Entscheidung der Woche 24-2018 (ÖR)
Rocky Glaser
Aus Art. 3 Abs. 1 GG folgt kein objektives Verfassungsprinzip, nach dem Rechtsbeziehungen zwischen Privaten prinzipiell gleichheitsgerecht zu gestalten wären.
Wo?
Az.: BVerfG, Beschluss vom 11.04.2018 -1 BvR 3080/09-
in: www.bundesverfassungsgericht.de
Was?
BVerfG, Beschluss vom 11.04.2018
Aus Art. 3 Abs. 1 GG folgt kein objektives Verfassungsprinzip, nach dem Rechtsbeziehungen zwischen Privaten prinzipiell gleichheitsgerecht zu gestalten wären. Es gilt der Grundsatz der Privatautonomie, Art. 2 Abs. 1 GG. Gleichheitsrechtliche Anforderungen für das Verhältnis zwischen Privaten können sich jedoch aus Art. 3 Abs. 1 GG für spezifische Konstellationen ergeben.
So entfalte das Gleichbehandlungsgebot bei einem Ausschluss von Veranstaltungen, die „[...] in erheblichem Umfang über die Teilnahme am gesellschaftlichen Leben entscheiden“ mittels Hausrecht (hier: Stadionverbot) im Einzelfall mittelbare Drittwirkung über §§ 862, 1004 BGB. Ähnliches gelte für Fälle, in denen die Entscheidungsmacht aus einem Monopol oder struktureller Überlegenheit folge.

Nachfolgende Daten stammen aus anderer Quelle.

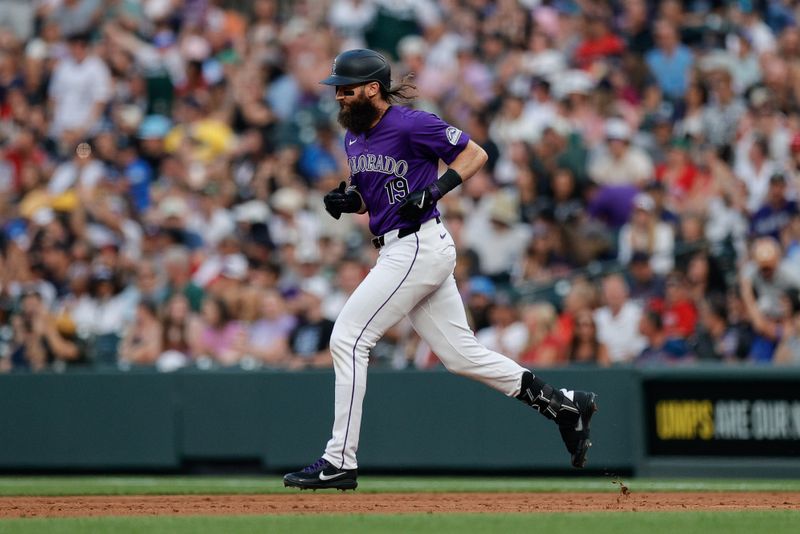 Jul 22, 2024; Denver, Colorado, USA; Colorado Rockies designated hitter Charlie Blackmon (19) rounds the bases on a two run home run in the third inning against the Boston Red Sox at Coors Field. Mandatory Credit: Isaiah J. Downing-USA TODAY Sports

Art. 3 Abs. 1 GG verlangt in seiner Ausprägung als Willkürverbot für den Ausschluss einen sachlichen Grund. Damit verbunden sind besondere Verfahrenserfordernisse wie beispielsweise die Anhörung des Betroffenen. Als sachlicher Grund genügt vor dem Hintergrund von Art. 14 Abs. 1 GG der Anfangsverdacht einer Straftat, selbst wenn das Verfahren nach § 153 StPO eingestellt wurde, soweit künftige Beeinträchtigungen zu erwarten sind.
Warum?
Die mittelbare Drittwirkung von Grundrechten ist eine häufig geprüfte Problematik in Klausuren. Sie ist im Rahmen der Verfassungsbeschwerde unter dem Punkt der Beschwerdebefugnis zu erörtern. Die Entscheidung zeigt auf, dass nicht nur Freiheits- sondern auch Gleichheitsgrundrechte mittelbare Drittwirkung zwischen Privaten entfalten können. Ein häufiger, schwerwiegender Fehler in Klausuren ist das Übergehen der Problematik in Anbetracht eines zivilrechtlichen Urteils.
Vertiefungsaufgabe
Lektüre des „Lüth-Urteils“ (BVerfG, Beschluss vom 15.01.1958 -1 BvR 400/51-) sowie des Streitstands zur mittelbaren Drittwirkung (BAGE 1, 185, 191 ff.; Lücke, JZ 1999, 377 ff.; Canaris, Grundrechte und Privatrecht, 1999, 34 f.);
Vgl. hierzu auch den völlig anderen Ansatz des EuGH zur unmittelbaren Wirkung der Gleichheitsrechte der GrCH zwischen Privaten (EuGH, 17.04.2018, -C 414/16-, Rn. 77 ff.).